Gelecek Partisi Kayseri İl Başkanı Av. Zülküf Arslan’ın 25 Kasım Kadına Yönelik Şiddete Karşı Uluslararası Mücadele Günü Açıklaması

Bugün 25 Kasım Kadına Yönelik Şiddete Karşı Uluslararası Mücadele Günü. Gönül, böyle insanlık onurunu yaralayan bir mesele için değil de, kadın haklarında yaşanan güzel gelişmeleri, nasıl daha iyi hale getirebileceğimizi konuşmayı isterdi. Fakat her gün siz değerli basın mensuplarının da toplumu bilgilendirdiği haberlerde, sosyal medyada ne yazık ki kadına karşı şiddetin boyutlarını yansıtan, vicdanlarımızı kanatan olaylarla karşı karşıyayız.

2020 BİTMEDEN 391 KADIN ŞİDDETE KURBAN GİTTİ

Ülkece Kovid-19 salgınıyla mücadele ettiğimiz, hayatta kalmak için azami çaba sarf ettiğimiz bugünlerde, kadınlar artı olarak kendilerini korumak, hayatlarını kurtarmak için tek başlarına mücadele etmeye devam ediyor. 2020 yılı sona ermeden cinayete kurban verdiğimiz kadın sayısı 391’e ulaştı. Her 3 günde 2 kadın gördüğü şiddet yüzünden hayatını kaybediyor.

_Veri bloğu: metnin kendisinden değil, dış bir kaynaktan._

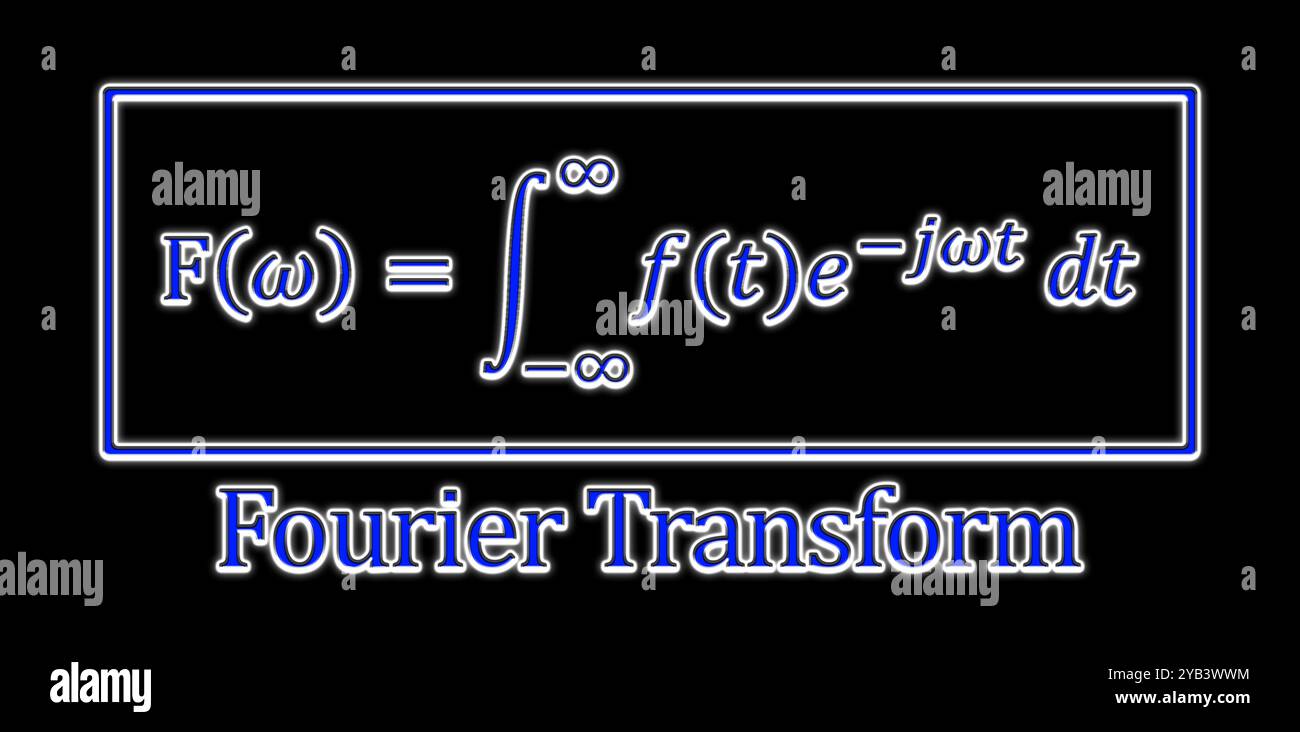 Definizione della formula di trasformazione di Fourier (FT) in blu 3D rispetto al nero. Trasformazione integrale che converte il segnale tra il dominio tempo/frequenza Foto Stock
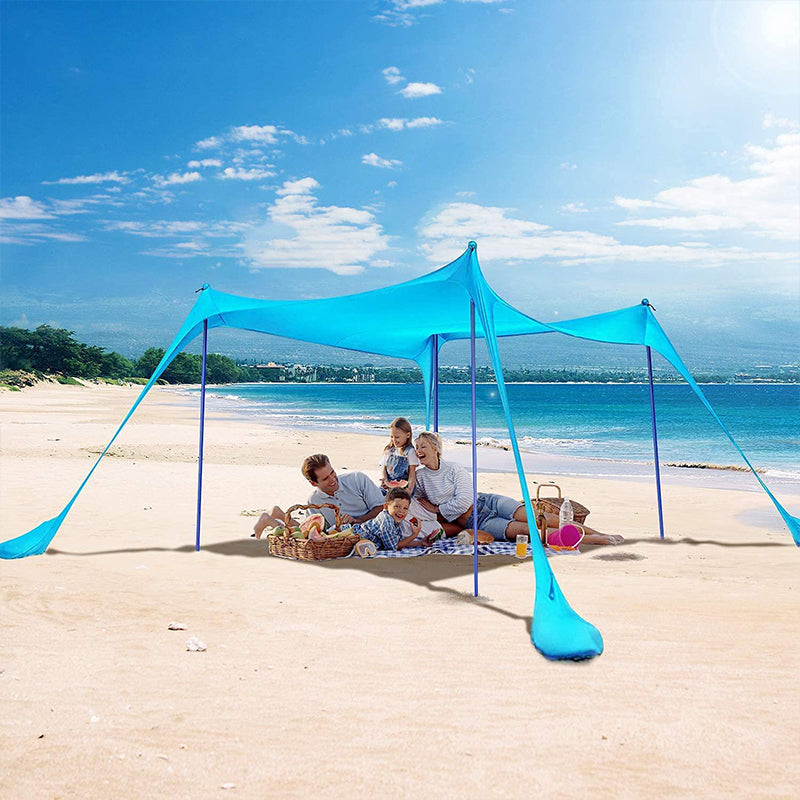 Family beach tent, large pop-up parasol, beach shelter, sun shade. Stable poles with portable carry bag. Outdoor shade.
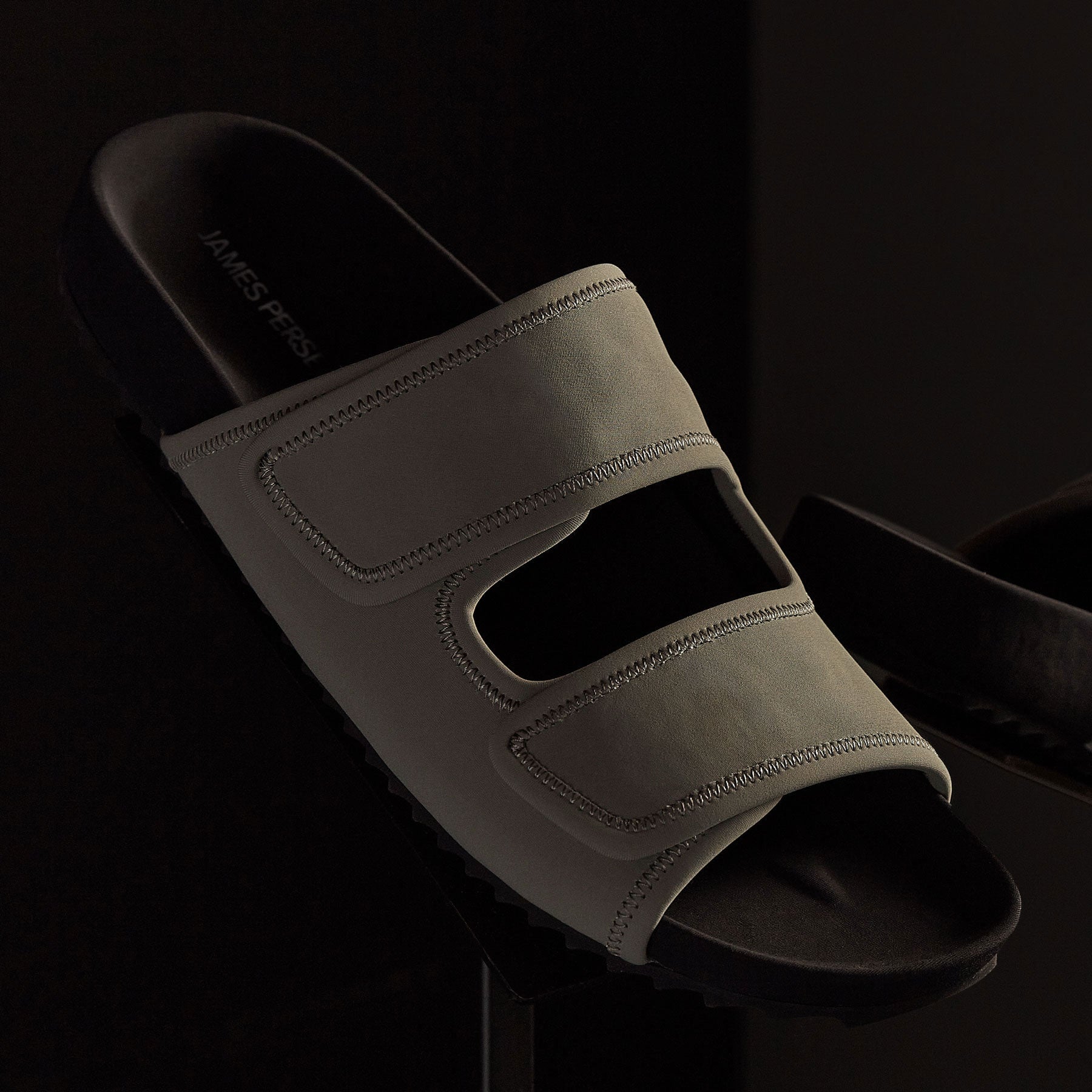 Army Green & Black Binding Velcro Slide Shoes - Comfortable & Adjustable for Outdoor, Hiking, and Casual Wear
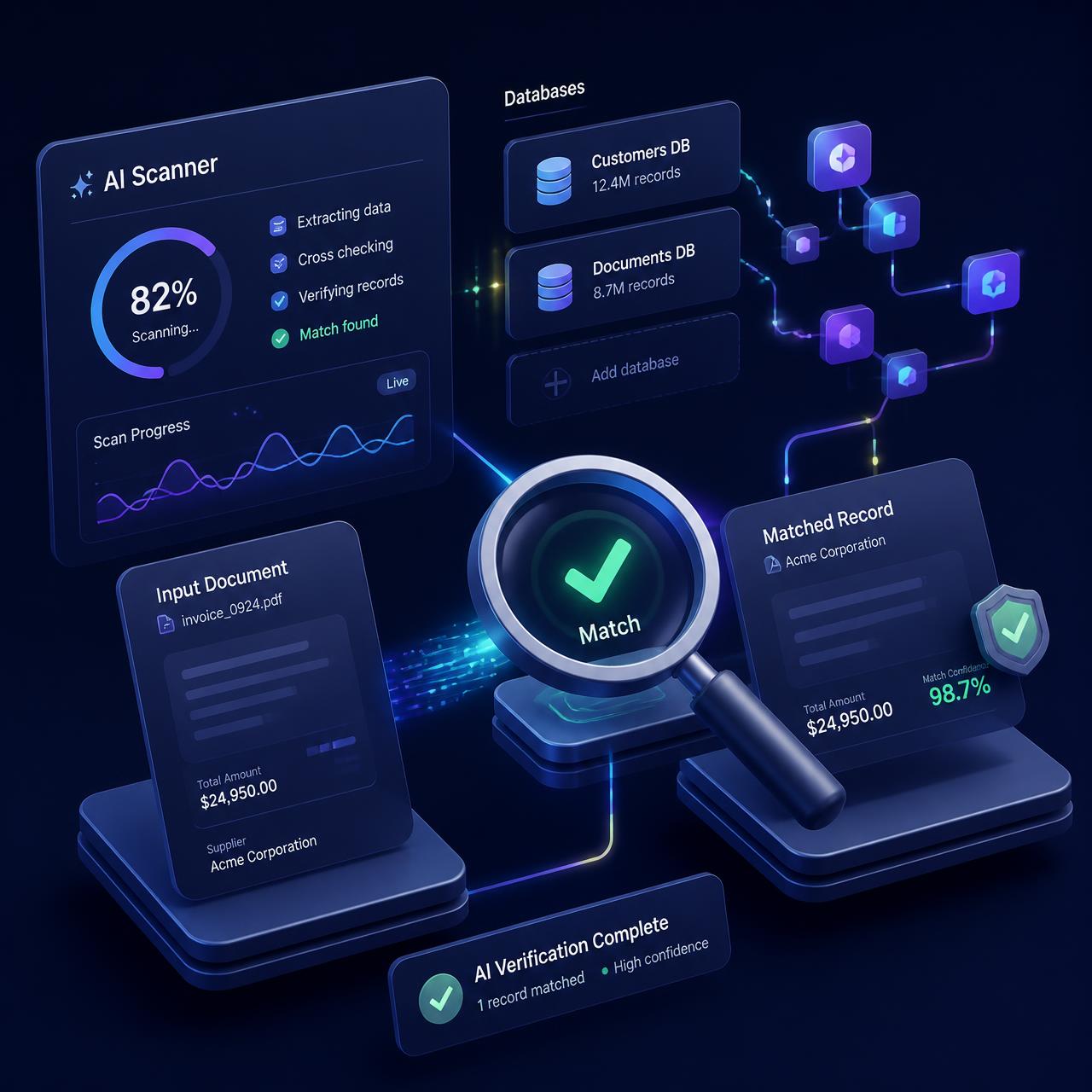 AI scanning databases for matches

Geçen hafta bir günde 4, ertesi gün 5 kadının öldürüldüğü haberlerini okuduk… Dünya Sağlık Örgütü verilerine göre, tüm dünyada bireysel şiddete en fazla maruz kalan kesimi ülkemizde de olduğu gibi kadınlar oluşturuyor.

Gelecek Partisi Kayseri İl Başkanlığı olarak, bu konuda toplumu bilinçlendirmek, yasal düzenlemeleri hızla harekete geçirmedikçe kadınların özgürlükleri, yaşam hakkı elinden alınmaya devam edeceğine inanıyoruz. Bu inançla Gelecek Partisi olarak, bütün Türkiye’de ve ilimizde kadına şiddet konusunda her türlü öncü çalışmayı hayata geçirmeye, hükümetten muhalefete herkesle el birliğiyle bu konuyu çözmek için atılacak bütün adımlarda yer almaya hazırız. Söz konusu şiddete uğrayan kadınlarımızsa, bizim için gerisinin hiçbir önemi yoktur.

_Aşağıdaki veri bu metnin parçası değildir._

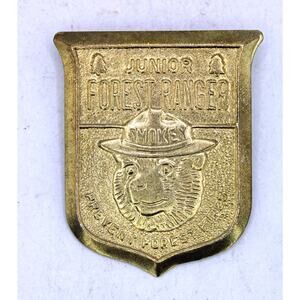 Vintage Smokey the Bear Junior Forest Ranger Tin Badge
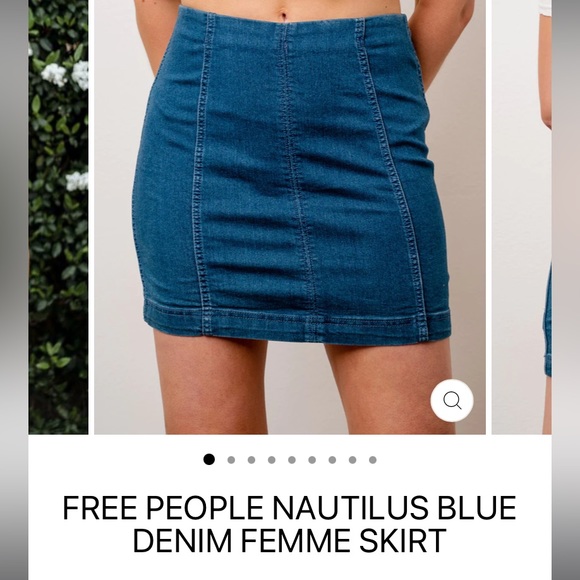 NWT FREE PEOPLE NAUTILUS BLUE DENIM FEMME SKIRT 8 - Picture 1 of 12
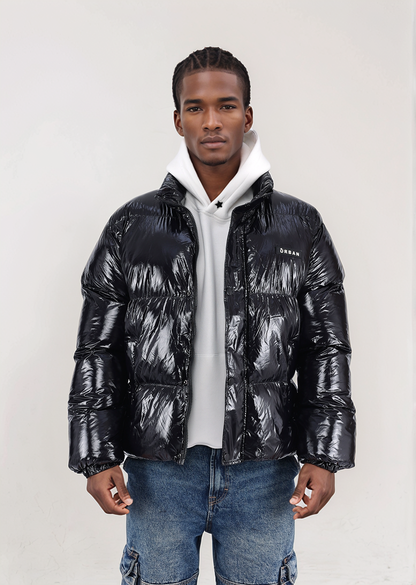 Shiny Black Puffer Jacket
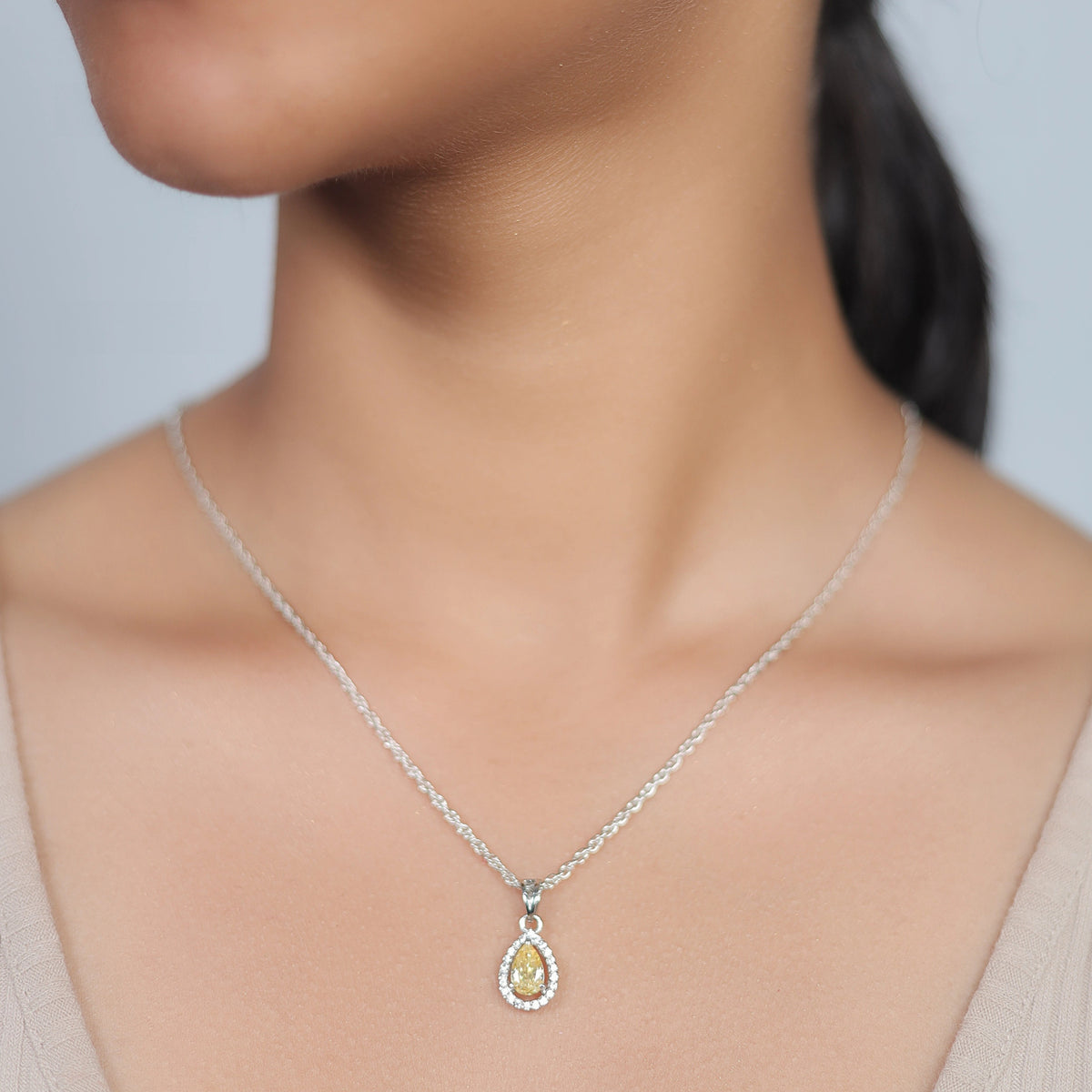 925 Silver Golden Dewdrop Pendant - 925 sterling silver pendant by Tassya Silver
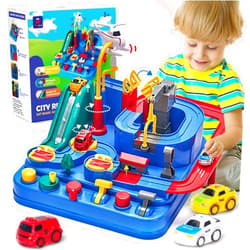 hahaland 3 Year Old Boy Toys, Car Toys, Puzzle Track Rescue Racer Game Magnetic Helicopter, STEM | Montessori | Logical | Motor Skills Toys for Ages 4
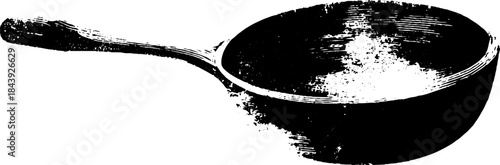 Black and white stencil of angled ladle and bowl with textured details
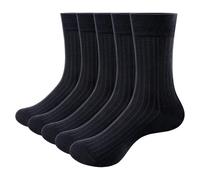 YUEDGE Mens Solid Vegan Mid Calf Comfy Black Formal Business Dress Casual Everyday Bamboo Socks For Men 6-10, Basic Breathable Men's Socks, Multipack,5 Pairs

Bu düşünceden hareketle, Gelecek Partisi Kadın Politikalarından Sorumlu Genel Başkanlığımız 25 Kasım Kadına Yönelik Şiddeti Karşı Uluslararası Mücadele Günü’nde sorunu yaşayanların, kadınlarımızın ne istediğine dikkati çeken bir kampanya hazırladı. Kampanyada kadınların temel insani taleplerine yer verilirken her şeyden önce yaşamak istedikleri ön plana çıkarılarak, kadınların yasalarla sözde değil özde korunmak istekleri vurgulandı.

Değerli basın mensupları… Aziz şehrimiz Kayserimizde kadına şiddetle ilgili yaptığınız bütün haberlerin toplumu bilinçlendirmeye ve dönüştürmeye, yani, kadınların hayatta kalma mücadelesine büyük bir katkısı var. Onların verdiği mücadeledeki bu değerli katkınız için hepinize teşekkür ediyoruz. Bugün Gelecek Partisi Kayseri İl Teşkilatı olarak ortaya koyduğumuz çalışmaların da ellerinizde daha da kıymetleneceği bilinciyle size teşekkür ediyoruz.

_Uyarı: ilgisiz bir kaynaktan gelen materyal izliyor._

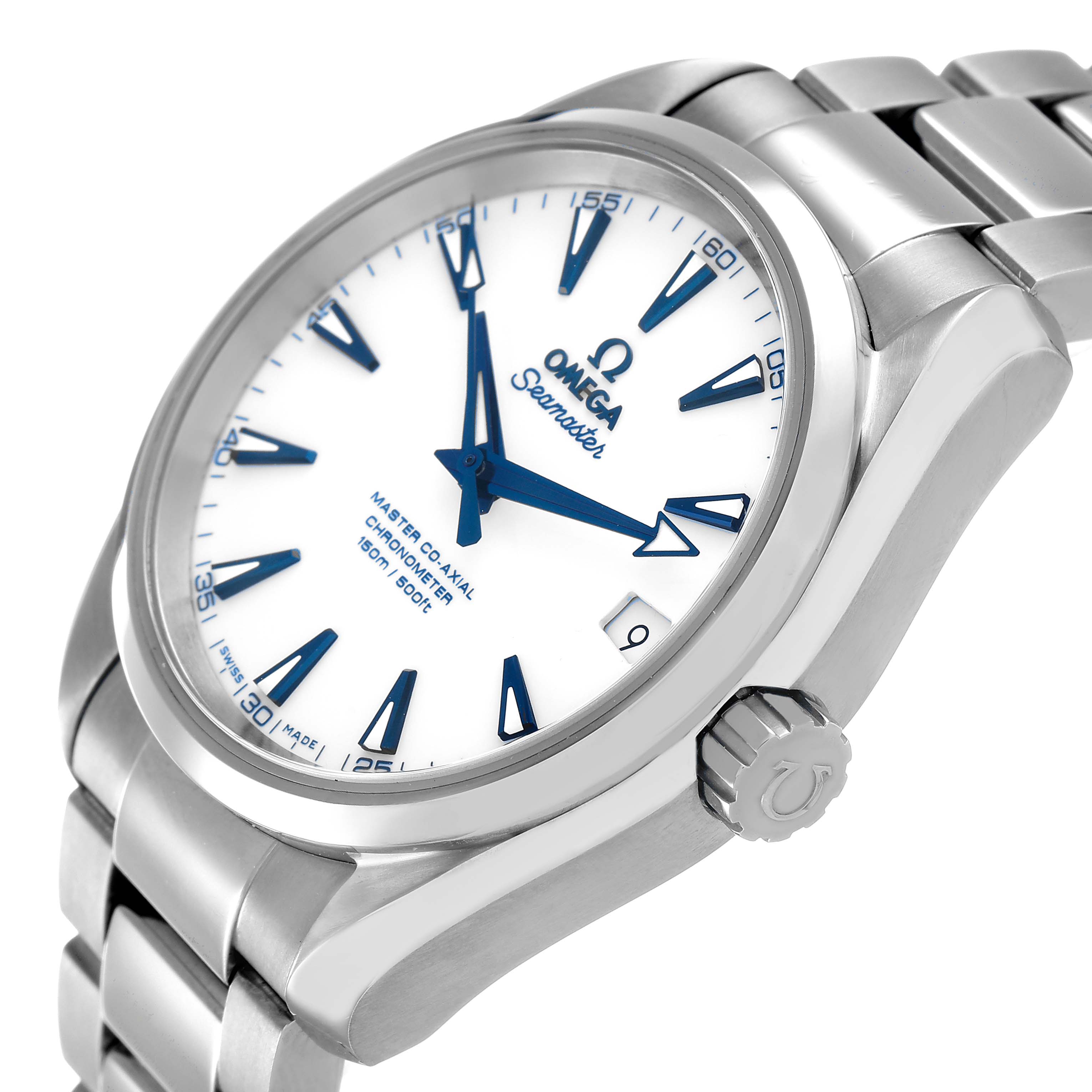 The Omega Aqua Terra 231.90.39.21.04.001 Men's Titanium Yellow Dial watch is shown at a slight angle, highlighting the dial, bezel, crown, and bracelet.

CHP Meydan Parkında stand açarak  3000 adet  6284 sayılı kanun kitapçığı dağıttı

Cumhuriyet Halk Partisi Gençlik Kolları olarak 25 Kasım Kadına Yönelik Şiddetle Mücadele Günü akabinde Meydan Parkında stand açarak halkımıza 3000 adet  6284 sayılı kanun kitapçığı dağıttık.
CHP  Kayseri Gençlik Kolları İl Başkanı Eda Albayrak: Genç arkadaşlarımızla kadınların her türlü şiddetten korunması, kadınlara yönelik şiddetin faillerin kovuşturulması, yargılanması ve cezalandırılması için titizlikle hazırlanmış uluslararası bir sözleşme olan, İstanbul Sözleşmesinin 6284 sayılı Ailenin Korunması ve Kadına Yönelik Şiddetin Engellenmesine dair Kanunun uygulanması gerektiğini anlatmak için  Kayserili yurttaşlarımızla buluştuk. Erkek adaletin değil gerçek adaletin sağlandığı bir sistemde yaşamak için mücadelemizi sonuna kadar sürdüreceğiz.